In the method for synthesizing the silicon oxide/carbon composite material, the pH value of the pH buffer solution in the step (1) is 4-6, and preferably 4.5-5.8. The pH buffer may be one or more of sodium dihydrogen phosphate-citric acid pH buffer, sodium acetate pH buffer, potassium hydrogen phthalate-sodium hydroxide pH buffer, preferably sodium dihydrogen phosphate-citric acid pH buffer. The method of formulating the pH buffer is well known to those skilled in the art and can be carried out by methods known in the art.

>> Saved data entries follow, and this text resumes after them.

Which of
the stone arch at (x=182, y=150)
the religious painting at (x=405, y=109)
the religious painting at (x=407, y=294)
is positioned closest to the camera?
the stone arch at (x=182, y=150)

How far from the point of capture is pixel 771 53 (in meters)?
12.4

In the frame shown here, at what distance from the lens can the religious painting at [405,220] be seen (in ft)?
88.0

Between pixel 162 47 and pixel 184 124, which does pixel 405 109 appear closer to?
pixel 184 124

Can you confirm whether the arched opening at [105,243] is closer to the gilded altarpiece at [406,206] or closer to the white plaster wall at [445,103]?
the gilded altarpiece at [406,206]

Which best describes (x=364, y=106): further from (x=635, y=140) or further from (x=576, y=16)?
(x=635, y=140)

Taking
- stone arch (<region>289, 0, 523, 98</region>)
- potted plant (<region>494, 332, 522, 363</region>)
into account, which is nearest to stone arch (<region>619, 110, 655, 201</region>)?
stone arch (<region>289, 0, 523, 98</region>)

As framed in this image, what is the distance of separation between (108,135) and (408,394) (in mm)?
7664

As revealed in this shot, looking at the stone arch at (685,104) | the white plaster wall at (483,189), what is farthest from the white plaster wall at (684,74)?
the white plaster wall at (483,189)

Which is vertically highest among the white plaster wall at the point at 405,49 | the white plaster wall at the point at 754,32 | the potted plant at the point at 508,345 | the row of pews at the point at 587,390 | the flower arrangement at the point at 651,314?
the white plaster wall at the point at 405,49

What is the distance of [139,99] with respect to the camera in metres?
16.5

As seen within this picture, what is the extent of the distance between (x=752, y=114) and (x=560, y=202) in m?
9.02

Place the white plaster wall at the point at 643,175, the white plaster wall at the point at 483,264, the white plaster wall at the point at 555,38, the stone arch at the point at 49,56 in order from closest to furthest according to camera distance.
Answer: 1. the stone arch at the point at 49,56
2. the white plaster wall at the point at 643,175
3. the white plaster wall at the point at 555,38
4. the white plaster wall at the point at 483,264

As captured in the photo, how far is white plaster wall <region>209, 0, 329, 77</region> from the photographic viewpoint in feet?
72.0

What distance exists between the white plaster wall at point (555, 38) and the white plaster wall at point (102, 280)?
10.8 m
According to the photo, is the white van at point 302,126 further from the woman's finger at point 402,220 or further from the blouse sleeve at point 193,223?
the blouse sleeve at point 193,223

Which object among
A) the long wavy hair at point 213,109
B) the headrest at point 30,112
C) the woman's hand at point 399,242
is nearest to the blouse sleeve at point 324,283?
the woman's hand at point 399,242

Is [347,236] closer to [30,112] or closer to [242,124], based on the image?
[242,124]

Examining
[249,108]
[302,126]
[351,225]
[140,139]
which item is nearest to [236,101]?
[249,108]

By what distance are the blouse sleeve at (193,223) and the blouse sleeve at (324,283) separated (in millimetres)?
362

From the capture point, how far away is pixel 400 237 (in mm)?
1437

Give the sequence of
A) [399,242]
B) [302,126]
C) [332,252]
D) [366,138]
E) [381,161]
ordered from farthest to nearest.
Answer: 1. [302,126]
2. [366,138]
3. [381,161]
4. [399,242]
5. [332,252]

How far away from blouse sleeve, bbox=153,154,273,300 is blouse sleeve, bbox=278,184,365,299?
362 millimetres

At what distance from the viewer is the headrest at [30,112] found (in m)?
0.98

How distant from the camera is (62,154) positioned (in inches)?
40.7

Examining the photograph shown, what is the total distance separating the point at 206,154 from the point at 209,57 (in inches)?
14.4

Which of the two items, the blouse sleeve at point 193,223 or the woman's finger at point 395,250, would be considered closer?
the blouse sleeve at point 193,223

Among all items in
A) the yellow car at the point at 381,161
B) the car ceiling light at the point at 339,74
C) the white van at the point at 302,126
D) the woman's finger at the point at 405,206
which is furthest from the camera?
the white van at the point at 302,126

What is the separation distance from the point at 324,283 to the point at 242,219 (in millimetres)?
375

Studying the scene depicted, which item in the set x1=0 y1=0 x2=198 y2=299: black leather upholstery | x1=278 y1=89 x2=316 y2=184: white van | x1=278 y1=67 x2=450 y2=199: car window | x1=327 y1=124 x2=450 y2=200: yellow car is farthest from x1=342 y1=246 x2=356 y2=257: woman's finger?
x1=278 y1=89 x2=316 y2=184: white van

In the synthesis method of the silicon oxide/carbon composite material, the mass ratio of the pH buffer solution to carbon in the step (1) is 8-40: 1, preferably 11 to 31: 1.

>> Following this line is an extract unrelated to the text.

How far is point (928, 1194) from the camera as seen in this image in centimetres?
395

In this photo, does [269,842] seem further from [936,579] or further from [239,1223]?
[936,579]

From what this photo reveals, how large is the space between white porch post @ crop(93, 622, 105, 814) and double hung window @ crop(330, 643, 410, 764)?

in the method for synthesizing the silicon oxide/carbon composite material, an auxiliary agent can be added in the step (1), wherein the auxiliary agent comprises one or more of tween-20, tween-60 and tween-80; the mass ratio of the auxiliary agent to the micromolecular alcohols is 1: 5-40, preferably 1: 10 to 30.
In the method for synthesizing the silicon oxide/carbon composite material, the silicon source in the step (2) is one or more of methyl orthosilicate, ethyl orthosilicate and propyl orthosilicate, and preferably ethyl orthosilicate.
In the synthetic method, the mass ratio of the silicon source in the step (2) to the carbon in the step (1) is 0.2-1.5: 1, preferably 0.25 to 1.35: 1.
in the method for synthesizing the silicon oxide/carbon composite material, the silicon source is added in the step (2) under the condition of 45-80 ℃, preferably 50-70 ℃.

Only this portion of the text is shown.